Getting started#

The file processing library offers 2 imports, File and Directory, that are used to process files and directories, respectively.


File#

This import is for extracting metadata from a single file. The code below demonstrates how the File object is created:

from file_processing import File

file = File('path/to/file')

# With OCR and a custom Tesseract path (requires full version):
file = File('path/to/file', use_ocr=True, ocr_path='path/to/tesseract')

# With transcription (requires full version):
file = File('path/to/file', use_transcriber=True)

Metadata extraction#

Once created, file information can be directly extracted by file.property_name. The list of properties are given in the Introduction.

For example:

file.access_time

It is also possible to show all the file’s information. Note that the information will vary between file types. For example, a docx file will have different properties than a pptx file.

metadata = file.processor.__dict__
    {
        'file_path': './requirements.txt,
        'open_file': True,
        'file_name': 'requirements.txt',
        'owner': 'AD/BLUO',
        'extension': '.txt',
        'size': 411,
        'modification_time': 1707156577.8320045,
        'access_time': 1707224508.0667744,
        'creation_time': 1705332838.3662565,
        'parent_directory': 'report',
        'permissions': '666',
        'is_file': True,
        'is_symlink': False,
        'absolute_path': WindowsPath('C:/Users/User/Downloads/report/requirements.txt'),
        'metadata': {
            'text': ...
            'encoding': 'ascii',
            'lines': [...],
            'num_lines': 23,
            'num_words': 22
        }
    }

Note: To access properties inside the metadata property, use file.metadata['property_name']. For example, file.metadata['text'].


Measuring similarity between 2 files#

Note: This feature requires installation of the full library

2 files must be created to use the similarity checker. There are 2 types of similarity checking which are demonstrated below:

Cosine similarity rates similarity from -1 to 1 where the higher the score, the more similar the file.

from file_processing import File, CosineSimilarity

a = File('path/to/fileA.docx')
b = File('path/to/fileA.pdf')

CosineSimilarity(a, b).calculate()

>>> 0.6715940803327793

Levenshtein distance measures how different 2 files are based on how many characters are different between the 2 files. The smaller the distance, the more similar the files are.

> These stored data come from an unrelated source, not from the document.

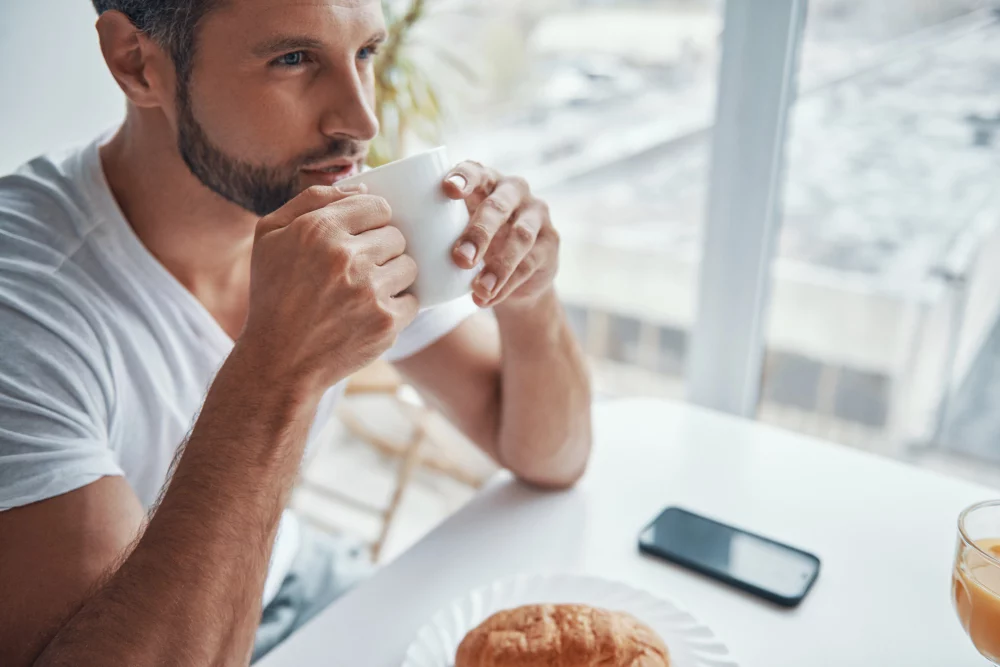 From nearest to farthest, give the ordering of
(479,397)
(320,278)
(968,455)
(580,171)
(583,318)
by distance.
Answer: (320,278)
(479,397)
(968,455)
(580,171)
(583,318)

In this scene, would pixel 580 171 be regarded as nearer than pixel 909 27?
No

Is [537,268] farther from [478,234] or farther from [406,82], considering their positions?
[406,82]

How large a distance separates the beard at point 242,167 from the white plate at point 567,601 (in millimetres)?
496

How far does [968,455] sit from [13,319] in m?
1.56

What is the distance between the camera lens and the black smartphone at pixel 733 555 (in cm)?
89

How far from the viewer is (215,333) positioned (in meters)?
1.04

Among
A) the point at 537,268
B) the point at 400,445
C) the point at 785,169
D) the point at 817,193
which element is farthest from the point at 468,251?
the point at 400,445

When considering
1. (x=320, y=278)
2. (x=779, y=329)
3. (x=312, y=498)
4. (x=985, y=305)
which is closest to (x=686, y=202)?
(x=779, y=329)

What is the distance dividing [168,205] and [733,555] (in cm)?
80

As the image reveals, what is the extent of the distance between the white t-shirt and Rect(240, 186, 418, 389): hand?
18 centimetres

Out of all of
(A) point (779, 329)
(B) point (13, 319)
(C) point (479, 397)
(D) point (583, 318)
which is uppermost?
(B) point (13, 319)

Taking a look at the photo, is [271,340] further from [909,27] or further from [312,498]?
[312,498]

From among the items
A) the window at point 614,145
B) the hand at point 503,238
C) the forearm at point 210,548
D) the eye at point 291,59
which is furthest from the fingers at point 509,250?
the window at point 614,145

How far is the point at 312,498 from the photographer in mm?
2594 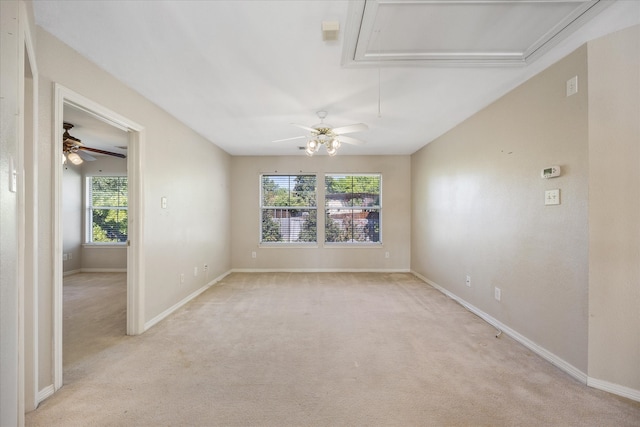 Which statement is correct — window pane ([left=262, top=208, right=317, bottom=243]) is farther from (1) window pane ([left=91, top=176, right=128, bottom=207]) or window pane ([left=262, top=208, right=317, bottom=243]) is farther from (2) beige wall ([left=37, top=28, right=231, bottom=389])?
(1) window pane ([left=91, top=176, right=128, bottom=207])

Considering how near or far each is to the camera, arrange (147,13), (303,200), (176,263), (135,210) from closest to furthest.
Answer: (147,13)
(135,210)
(176,263)
(303,200)

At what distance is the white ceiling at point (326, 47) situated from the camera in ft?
Answer: 5.16

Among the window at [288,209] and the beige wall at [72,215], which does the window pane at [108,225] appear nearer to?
the beige wall at [72,215]

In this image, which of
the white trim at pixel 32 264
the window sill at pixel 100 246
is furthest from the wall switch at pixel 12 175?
the window sill at pixel 100 246

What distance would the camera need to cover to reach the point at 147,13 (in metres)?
1.59

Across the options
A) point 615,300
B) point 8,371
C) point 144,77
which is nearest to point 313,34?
point 144,77

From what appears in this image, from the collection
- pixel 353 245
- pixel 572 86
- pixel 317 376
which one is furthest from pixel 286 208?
pixel 572 86

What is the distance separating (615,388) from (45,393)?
376 cm

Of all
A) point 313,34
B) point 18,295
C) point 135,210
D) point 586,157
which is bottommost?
point 18,295

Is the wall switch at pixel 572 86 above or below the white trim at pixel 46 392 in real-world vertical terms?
above

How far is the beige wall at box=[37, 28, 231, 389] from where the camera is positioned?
178 cm

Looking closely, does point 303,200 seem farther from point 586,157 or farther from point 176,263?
point 586,157

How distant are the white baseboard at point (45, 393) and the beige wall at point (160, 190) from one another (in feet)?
0.10

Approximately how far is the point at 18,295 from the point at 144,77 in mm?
1897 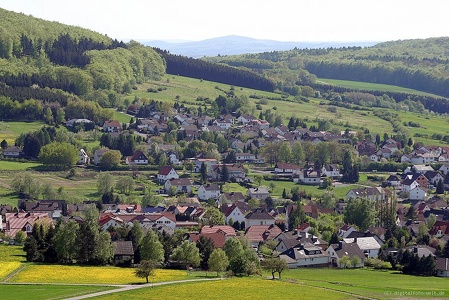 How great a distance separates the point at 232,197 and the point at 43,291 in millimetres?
50633

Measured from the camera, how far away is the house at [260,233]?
73562mm

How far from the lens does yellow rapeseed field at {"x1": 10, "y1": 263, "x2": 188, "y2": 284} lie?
49500 mm

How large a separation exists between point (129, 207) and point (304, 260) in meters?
24.4

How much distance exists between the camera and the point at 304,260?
6688cm

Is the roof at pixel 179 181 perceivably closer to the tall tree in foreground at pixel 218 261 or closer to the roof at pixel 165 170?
the roof at pixel 165 170

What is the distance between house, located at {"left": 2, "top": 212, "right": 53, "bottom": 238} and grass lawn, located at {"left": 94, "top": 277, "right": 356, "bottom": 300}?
23.7 metres

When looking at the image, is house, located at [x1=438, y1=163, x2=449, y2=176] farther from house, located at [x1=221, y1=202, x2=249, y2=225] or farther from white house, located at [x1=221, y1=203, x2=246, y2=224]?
white house, located at [x1=221, y1=203, x2=246, y2=224]

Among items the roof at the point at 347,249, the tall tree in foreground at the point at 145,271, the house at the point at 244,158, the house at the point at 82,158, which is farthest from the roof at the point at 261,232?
the house at the point at 244,158

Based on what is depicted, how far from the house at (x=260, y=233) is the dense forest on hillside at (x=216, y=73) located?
359ft

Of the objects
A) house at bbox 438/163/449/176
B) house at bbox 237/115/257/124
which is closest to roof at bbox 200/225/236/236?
house at bbox 438/163/449/176

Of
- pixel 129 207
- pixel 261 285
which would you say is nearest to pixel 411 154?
pixel 129 207

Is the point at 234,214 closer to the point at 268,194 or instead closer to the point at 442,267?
the point at 268,194

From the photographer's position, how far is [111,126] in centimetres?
12912

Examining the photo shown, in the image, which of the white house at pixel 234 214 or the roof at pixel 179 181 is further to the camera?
the roof at pixel 179 181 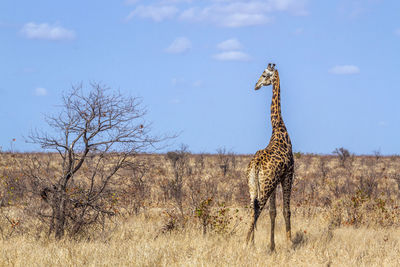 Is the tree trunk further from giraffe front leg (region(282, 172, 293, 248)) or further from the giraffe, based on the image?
giraffe front leg (region(282, 172, 293, 248))

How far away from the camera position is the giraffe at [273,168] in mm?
9008

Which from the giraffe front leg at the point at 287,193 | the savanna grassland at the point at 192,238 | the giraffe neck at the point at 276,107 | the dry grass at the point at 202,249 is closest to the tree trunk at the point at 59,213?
the savanna grassland at the point at 192,238

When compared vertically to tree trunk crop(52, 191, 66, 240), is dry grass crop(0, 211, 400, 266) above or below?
below

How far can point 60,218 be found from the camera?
9969 mm

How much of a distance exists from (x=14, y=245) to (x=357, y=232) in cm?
675

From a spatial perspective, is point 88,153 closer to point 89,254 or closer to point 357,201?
point 89,254

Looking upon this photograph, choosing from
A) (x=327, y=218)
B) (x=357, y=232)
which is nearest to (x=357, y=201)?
(x=327, y=218)

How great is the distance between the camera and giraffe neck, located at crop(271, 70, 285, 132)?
10578 millimetres

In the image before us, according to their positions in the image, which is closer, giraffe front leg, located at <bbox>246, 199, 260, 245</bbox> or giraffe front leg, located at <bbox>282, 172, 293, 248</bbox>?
giraffe front leg, located at <bbox>246, 199, 260, 245</bbox>

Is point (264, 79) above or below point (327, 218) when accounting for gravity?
above

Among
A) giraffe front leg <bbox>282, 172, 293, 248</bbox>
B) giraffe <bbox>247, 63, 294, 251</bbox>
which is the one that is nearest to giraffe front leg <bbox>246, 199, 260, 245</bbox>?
giraffe <bbox>247, 63, 294, 251</bbox>

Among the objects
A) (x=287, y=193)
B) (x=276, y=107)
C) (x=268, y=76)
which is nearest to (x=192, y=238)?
(x=287, y=193)

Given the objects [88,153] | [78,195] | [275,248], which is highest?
[88,153]

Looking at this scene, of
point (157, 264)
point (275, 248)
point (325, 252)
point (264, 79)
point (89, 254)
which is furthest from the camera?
point (264, 79) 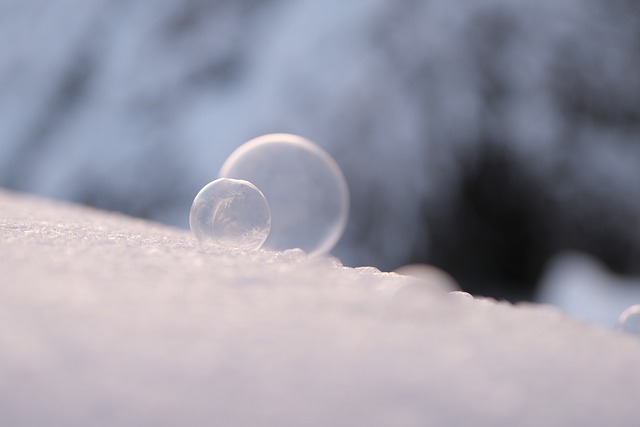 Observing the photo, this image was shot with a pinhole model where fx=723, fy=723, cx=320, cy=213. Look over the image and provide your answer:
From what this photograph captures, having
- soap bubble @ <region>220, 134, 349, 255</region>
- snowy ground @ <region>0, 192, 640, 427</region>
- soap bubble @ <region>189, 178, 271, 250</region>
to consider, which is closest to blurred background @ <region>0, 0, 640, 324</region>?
soap bubble @ <region>220, 134, 349, 255</region>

from file_processing import File, LevenshteinDistance

a = File('path/to/fileA.docx')
b = File('path/to/fileA.pdf')

LevenshteinDistance(a, b).calculate()

>>> 4135

Directory#

This import is for extracting information from every file in a directory:

from file_processing import Directory

directory = Directory('path/to/directory')

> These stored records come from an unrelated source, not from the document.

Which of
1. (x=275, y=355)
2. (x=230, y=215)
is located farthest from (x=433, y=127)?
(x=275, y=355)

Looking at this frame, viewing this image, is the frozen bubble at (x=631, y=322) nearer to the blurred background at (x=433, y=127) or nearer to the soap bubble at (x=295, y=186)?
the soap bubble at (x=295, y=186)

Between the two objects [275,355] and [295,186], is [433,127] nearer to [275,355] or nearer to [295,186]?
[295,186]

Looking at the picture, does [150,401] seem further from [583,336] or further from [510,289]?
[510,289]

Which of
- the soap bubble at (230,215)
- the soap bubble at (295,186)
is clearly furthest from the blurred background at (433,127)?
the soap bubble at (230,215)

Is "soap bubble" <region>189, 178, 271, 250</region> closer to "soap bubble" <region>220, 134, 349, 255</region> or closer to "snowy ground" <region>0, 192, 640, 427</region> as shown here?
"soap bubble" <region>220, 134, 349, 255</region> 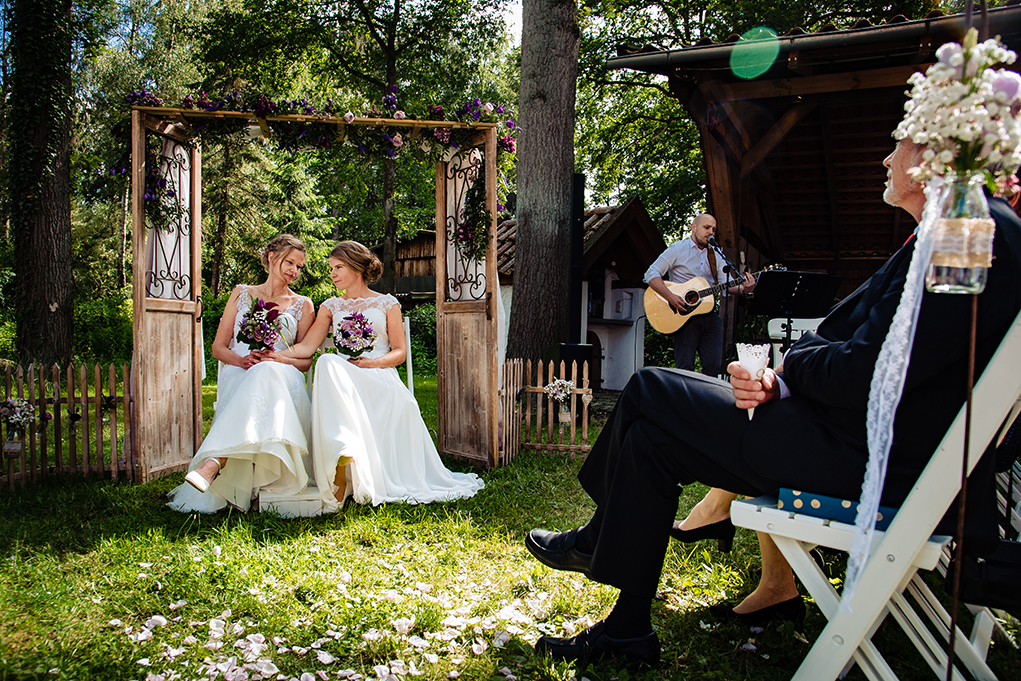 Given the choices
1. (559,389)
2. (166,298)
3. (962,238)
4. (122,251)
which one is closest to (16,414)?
(166,298)

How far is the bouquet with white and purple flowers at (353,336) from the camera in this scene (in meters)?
4.98

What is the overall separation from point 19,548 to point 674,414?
11.3 feet

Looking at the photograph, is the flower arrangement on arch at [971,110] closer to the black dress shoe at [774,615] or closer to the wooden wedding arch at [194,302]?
the black dress shoe at [774,615]

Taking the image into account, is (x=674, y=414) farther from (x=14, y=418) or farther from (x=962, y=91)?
(x=14, y=418)

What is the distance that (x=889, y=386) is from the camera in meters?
1.59

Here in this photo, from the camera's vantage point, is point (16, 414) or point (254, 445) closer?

Generating a metadata report from a directory#

Use generate_report() to create a report (.csv) containing information on all files in the directory.

For example,

directory.generate_report('metadata_report.csv')

See more details and examples here


Analyzing a directory’s metadata#

Use generate_analytics() to create a report (.csv) that counts the number of files and total size for each file type. This is useful for analyzing the composition of a directory.

directory.generate_analytics('analytics_report.csv')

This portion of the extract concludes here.